Небо окрасилось в розовый, оранжевый, фиолетовый — будто кто-то разлил краски, как на рисунках Хёнджина. Яблоня стояла в золотом свете, и её цветы горели, как маленькие огоньки. Ветер стих. Птицы замолчали.
Было тихо. Так тихо, что казалось — можно услышать голоса тех, кого уже нет.
— Помните, — сказал вдруг Феликс, — что говорил Хан перед смертью? «Я не хочу, чтобы вы плакали. Я хочу, чтобы вы жили».
— Помним, — ответил Чанбин.
— И мы живём, — добавил Сынмин.
— И будем жить, — закончил Хёнджин.
Крис кивнул.
Они сидели в тишине — долго, очень долго. Каждый думал о своём. Феликс — о том, как Хан называл его «солнышко». Чанбин — о том, как Хан воровал у него печенье. Сынмин — о том, как Хан держал его за руку, когда он плакал. Хёнджин — о том, как Хан позировал для портрета и ворчал, что «это неправильно, у меня нос не такой».
Крис думал о том, как Хан вошёл в его жизнь — колючий, испуганный, почти сломанный. И как он ушёл — сильным, любящим, живым. До самого конца.
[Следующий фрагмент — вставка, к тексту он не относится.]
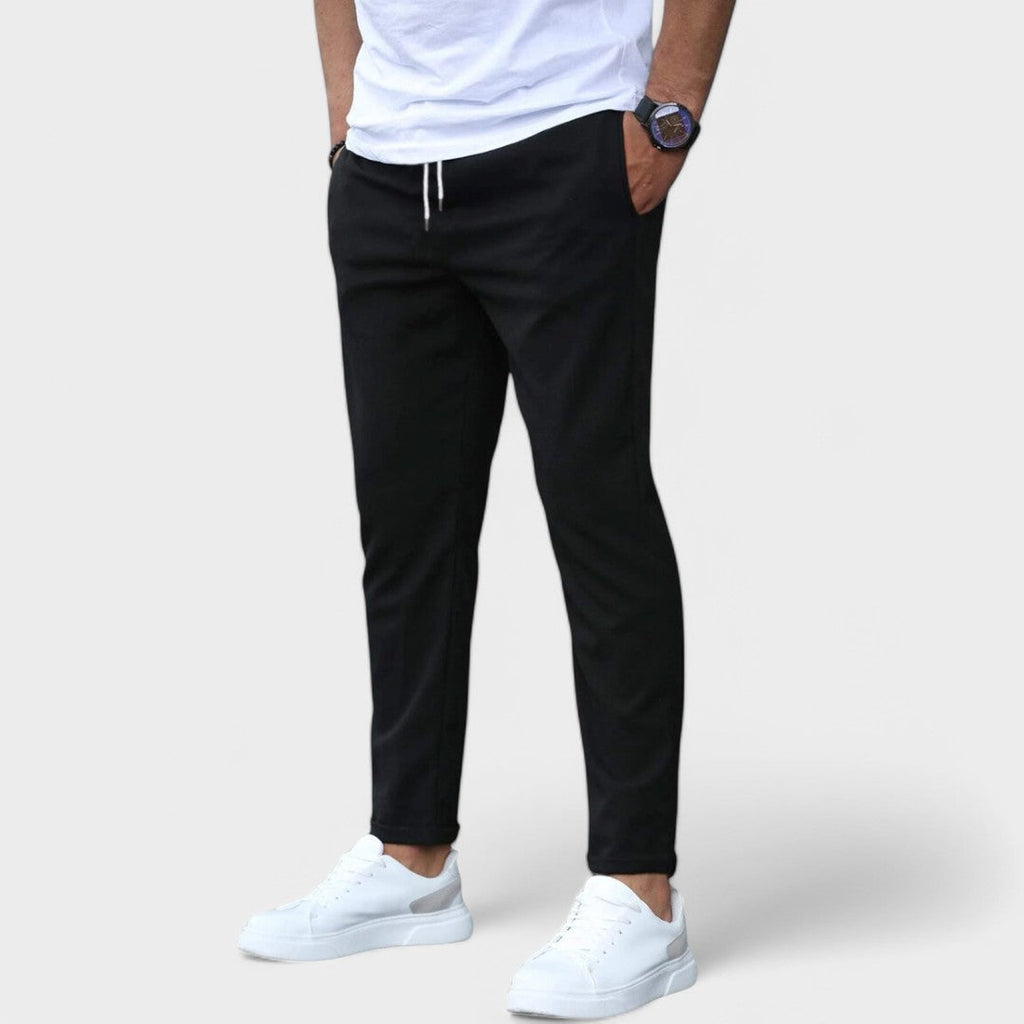 Laluna® | Pantaloni da uomo stretch moderni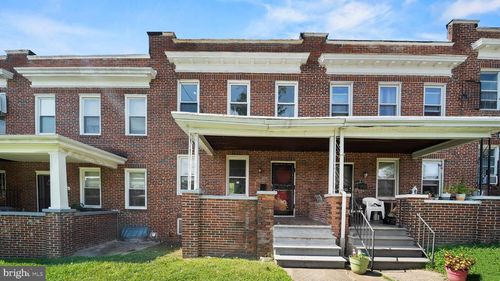3224 Normount Ave, BALTIMORE, MD, 21216-3821 | Card Image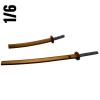  Artikelbild 2 des Artikels “Katana (Gold Blade) 1/6 “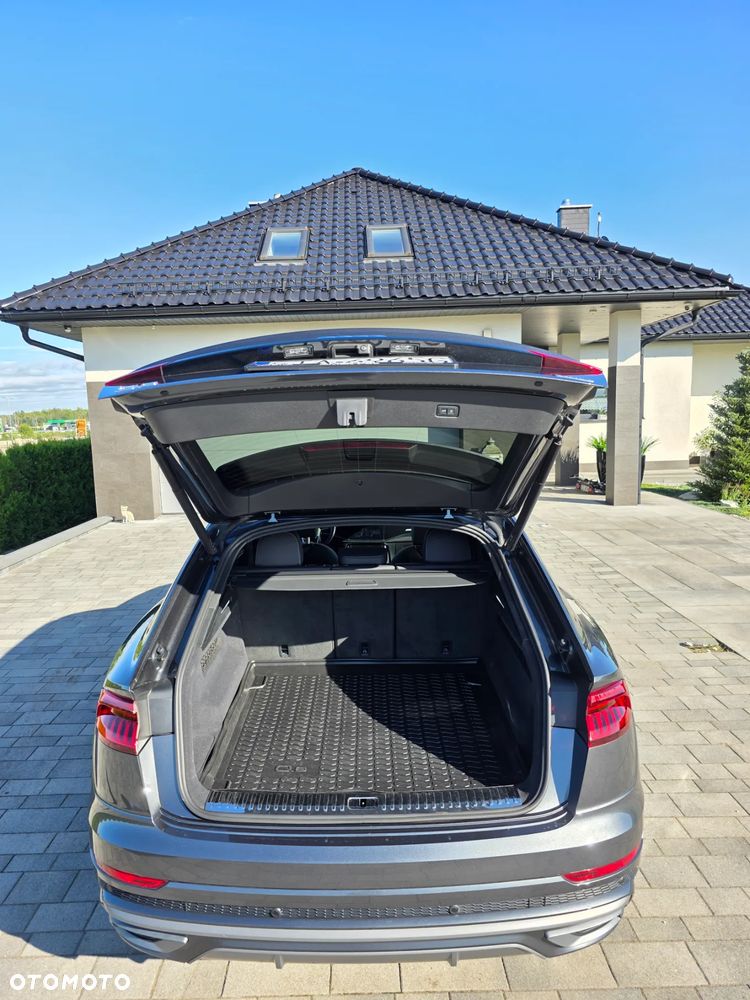 Audi Q8 SUV TFSI quattro 250 kW tiptronic - 8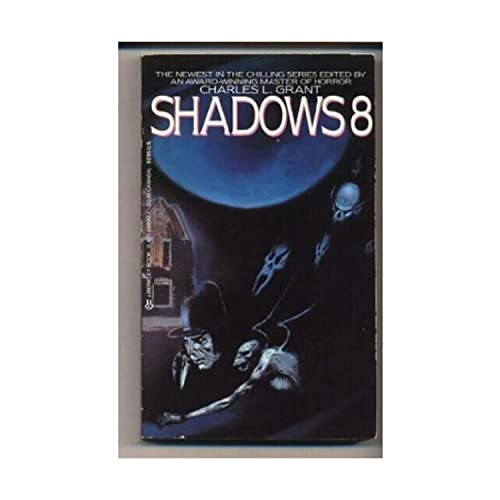 Shadows 8 (9780425098905) by Grant, Charles L.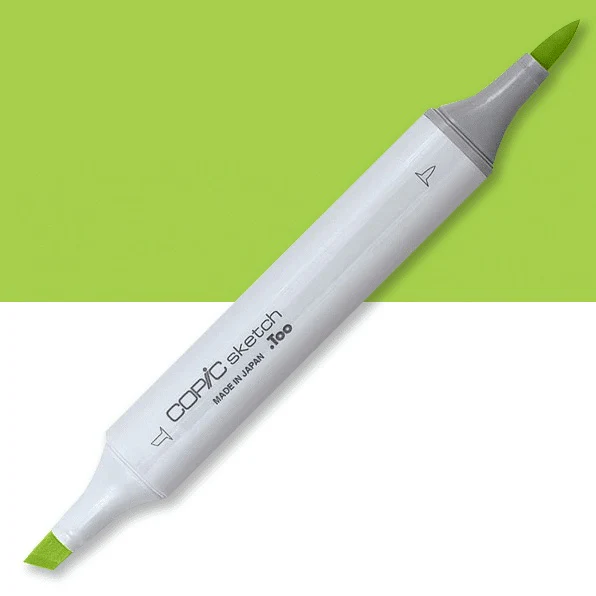 COPIC SKETCH YG07 Acid Green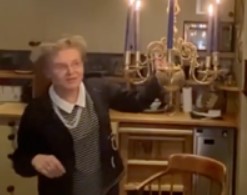Елена Малышева показала свою лондонскую квартиру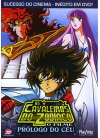Dvd N - Cavaleiros do Zodiaco Prologo do Céu O FIlme
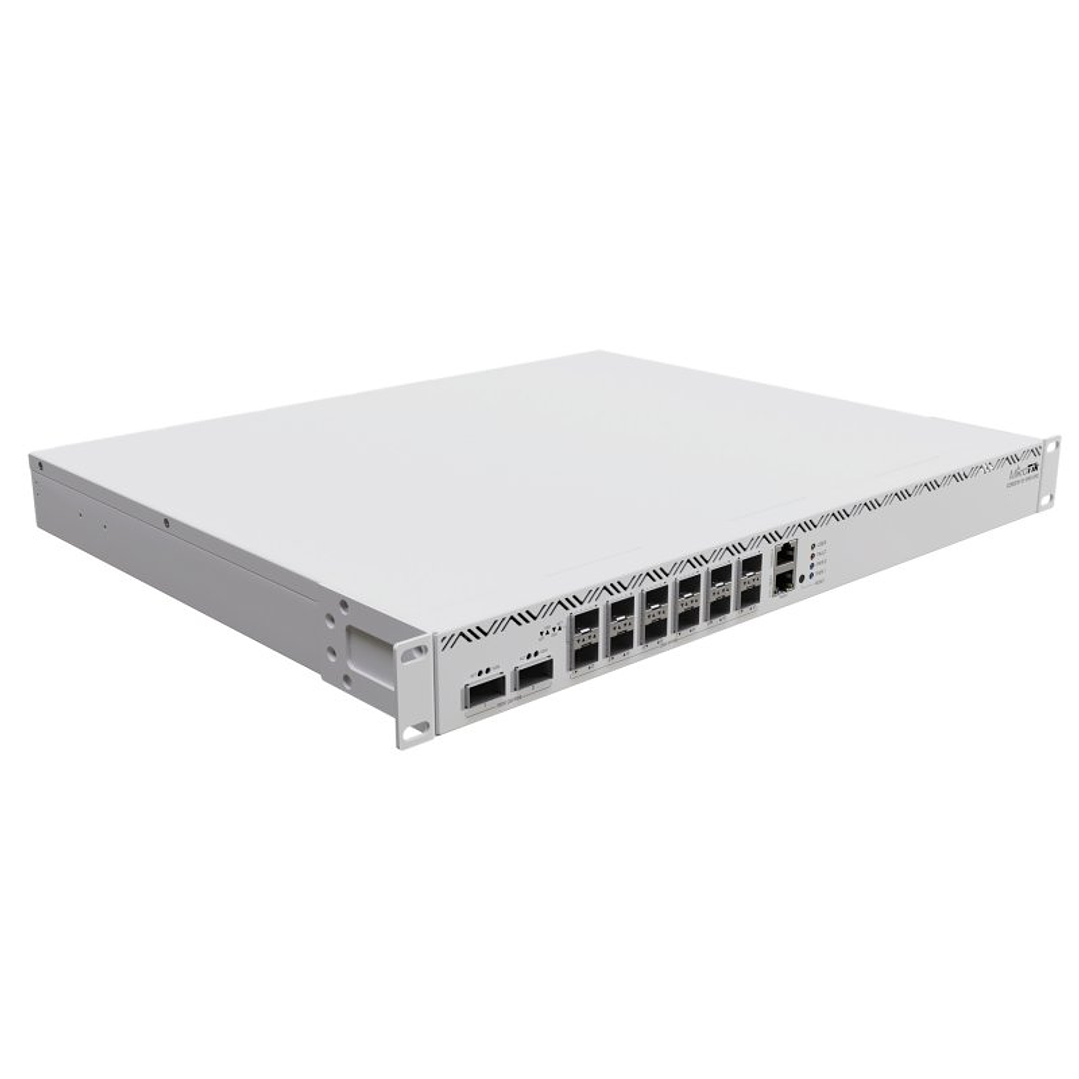 Mikrotik CCR2216-1G-12XS-2XQ Router L3 2xQSFP28 4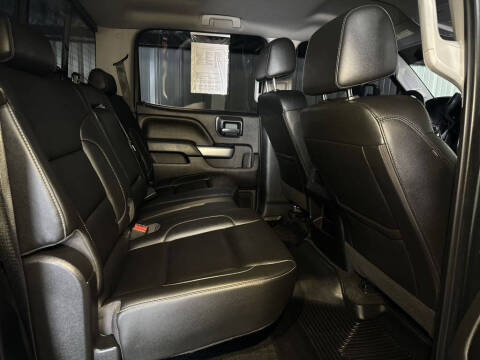 2018 Chevrolet Silverado 2500HD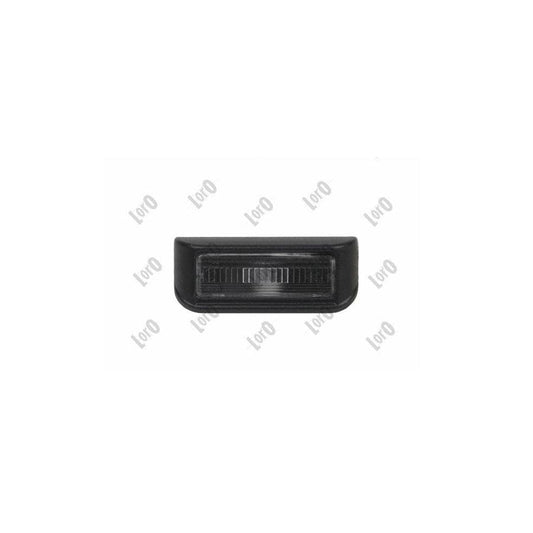 Abakus 00930900 Licence Plate Light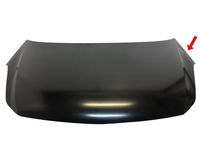 Opel Corsa D 2006-2014 Maska pokrywa silnika OCYNK MASTYKA JAKOŚĆ PC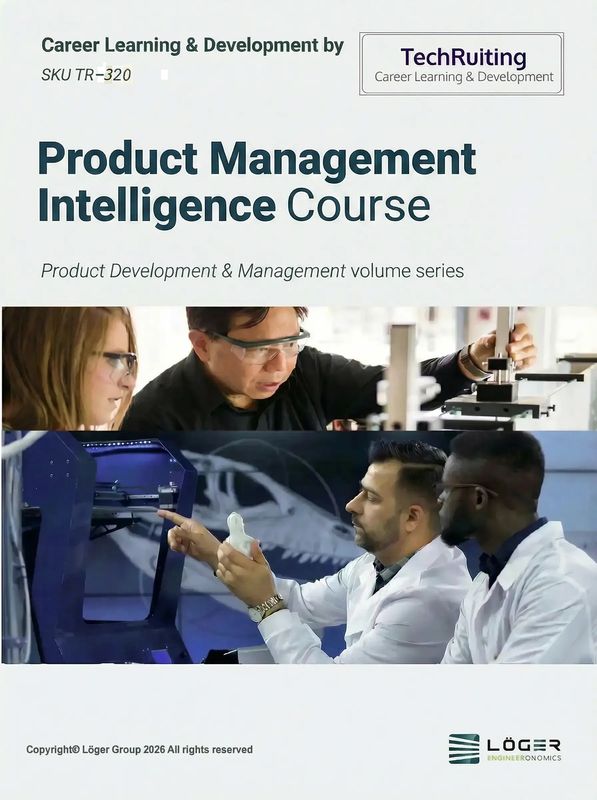 Product Management Intelligence Course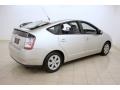 2005 Millenium Silver Metallic Toyota Prius Hybrid  photo #7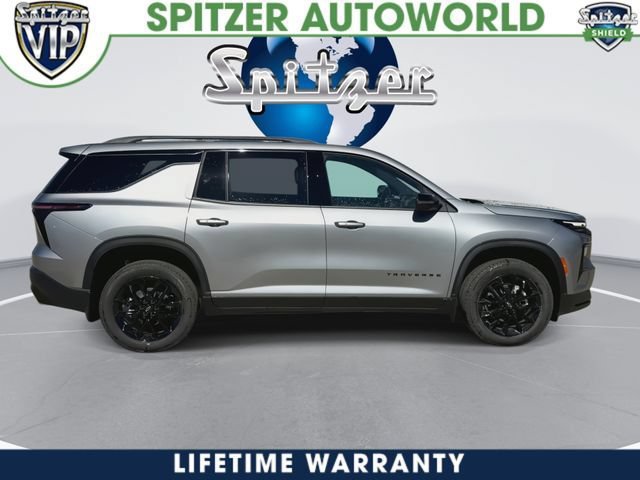New 2026 Chevrolet Traverse LT w/ Midnight/Sport Edition FWD image 9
— Пора, — сказал наконец Крис, поднимаясь. — Уже темнеет.
— Мы вернёмся, — сказал Феликс. — На следующей неделе.
— И через неделю, — добавил Сынмин.
— И через год, — закончил Чанбин.
Хёнджин кивнул, прижимая блокнот к груди.
Они разошлись — кто в машину, кто пешком, кто на автобус. Феликс уехал с Крисом. Чанбин и Сынмин пошли в сторону города, держась за руки. Хёнджин остался на минуту — дорисовать последний лепесток.
А потом — ушёл.
***
Минхо не сидел с ними.
Он стоял внизу, у подножия холма, и смотрел наверх. Он видел их — Феликса, Чанбина, Сынмина, Хёнджина, Криса — маленькие фигурки на фоне огромного неба. Слышал их голоса — обрывки фраз, смех, тишину.
Он хотел подняться. Хотел сесть с ними, съесть печенье, выпить чаю, вспомнить Хана. Но не мог.
Потому что каждый раз, когда он смотрел на яблоню, он слышал голос Хана. «Присмотри за ней. Когда зацветёт — приходи. Я буду там». А теперь она зацвела. И Хана нет.
Он достал из кармана письмо — то самое, потрёпанное, зачитанное до дыр, сложенное вчетверо. Он знал его наизусть — каждое слово, каждую запятую, каждую дрожащую букву. Но всё равно перечитывал. Снова и снова.
«Я люблю тебя, Ли Минхо. Это моё последнее, главное, вечное слово. Не забывай. И живи».
— Я живу, — прошептал он. — Но как же тяжело, Хан. Как же тяжело.
Он посмотрел на яблоню — на цветы, на золотой свет, на закат. И улыбнулся. Той самой улыбкой — грустной, тёплой, живой. Которую Хан полюбил.
— Привет, Хан, — сказал он тихо, одними губами. — Я скучал. Но я живу. Как ты и просил.
Ветер подхватил его слова, унёс ввысь, перепутал с лепестками яблони и растворил в апрельском воздухе.
А яблоня цвела.
Белая, нежная, живая.
И где-то там, на ветке, самый маленький лепесток задрожал — и упал. Не на землю. В небо.